Stubborn Nitrite ... Help

Discussion in 'Freshwater Beginners' started by AscendingAngel, Jun 20, 2018.

  1. AscendingAngelNew MemberMember

    Hi all!

    I have a 10 gallon tank, sand substrate, with some peacock moss on top of a few rocks and a single 4x4" travertine tile "wall" covered in the moss. The moss seems to be growing well. The tank is stocked with 2 albino cories, an orange dwarf crawfish, a red cherry shrimp, and a ghost shrimp. All livestock are rather juvenile.

    I wanted to wait for the tank to cycle but my roommate kept twisting my arm to get some fish and put them in. When I got em, I had no ammonia but my nitrites were around 2 ppm and my nitrates were around 10 ppm. I told her it could kill the fish but she is very stubborn and stuck in her ways (older lady who has kept fish before and never worried about cycling).

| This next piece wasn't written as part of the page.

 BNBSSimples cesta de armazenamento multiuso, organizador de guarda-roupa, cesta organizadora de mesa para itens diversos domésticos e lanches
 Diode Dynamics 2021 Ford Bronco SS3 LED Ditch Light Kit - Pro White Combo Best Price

    Anyways, I got the fish about 2 weeks ago. They're all still alive and seemingly doing very well. I've been really struggling with the nitrite levels lately (consistently around 2 ppm) and even my nitrates spiked up to 40-80 ppm. I cleaned my filter, the sponges, and some of the decorations yesterday and did a water change. I've been doing water changes once a week since getting the fishes but stepped it up to once every couple of days starting this week.

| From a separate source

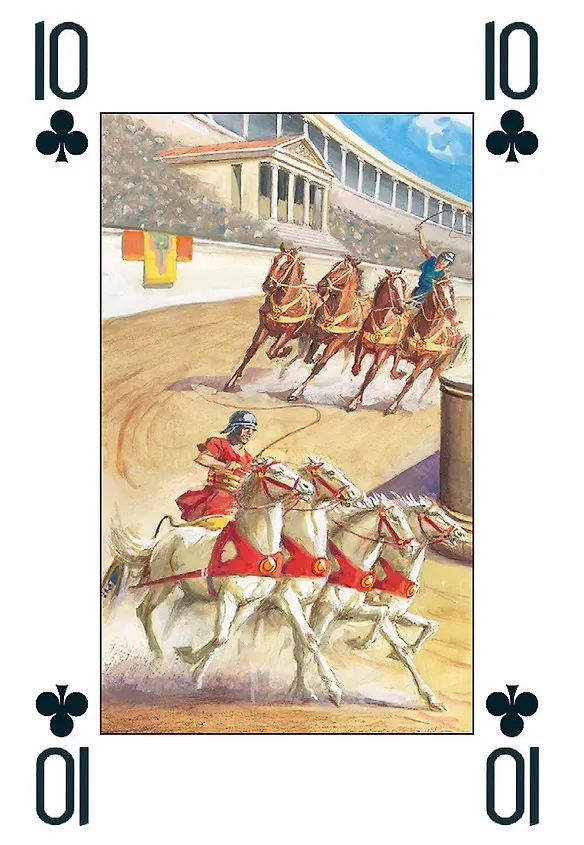 Карты игральные Colosseum / Колизей (54 карты) - фото 4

    Anyways, my most recent reading was today. pH: 7.4 (consistently between 7.2-7.4 since filling the tank), ammonia: 0, nitrites: 2 ppm, nitrates: 20-40 ppm. I'm rather pleased that the nitrates dropped since yesterday but the nitrites have been at 2 ppm since the beginning of June (I filled the tank roughly 1 month ago.

    I'll say that my tap water (yes, I treat it ... over treat it because our city puts chloramines in the water) has small amounts of ammonia and nitrates in it. The tank seems to have no problems getting rid of the ammonia but nitrites are just so darn persistent.

    What can I do before this hurts my fish?
     
    Last edited by a moderator: Jun 21, 2018
  2. AquaticJ

    AquaticJFishlore VIPMember

    To answer your question, yes 2ppm of nitrites can be lethal. I'd keep it down to 1 ppm or lower and use Seachem Prime. Prime is a water conditioner that also detoxifies ammonia and nitrites 1 ppm or lower.
     
    Last edited by a moderator: Jun 21, 2018
  3. Mom2some

    Mom2someWell Known MemberMember

    Bigger more frequent water changes for a few days in a row might be a place to start. Try 50% daily for 3 days & see what your levels are at. I think you might have some stocking incompatibilities, but the crawfish is out of my wheelhouse. @TexasDomer might have a better idea.
     
  4. OP
    OP
    A

    AscendingAngelNew MemberMember

    Thanks for the advice (both of you). The crawfish is tiny, max size around 2" or so I think. It hasn't tried to harm anything ... well, except when an albino unwittingly corners him at least. It'll even crawl into the moss with a shrimp and not bother with it. Binky (my crawfish) is a little territorial, that's all :)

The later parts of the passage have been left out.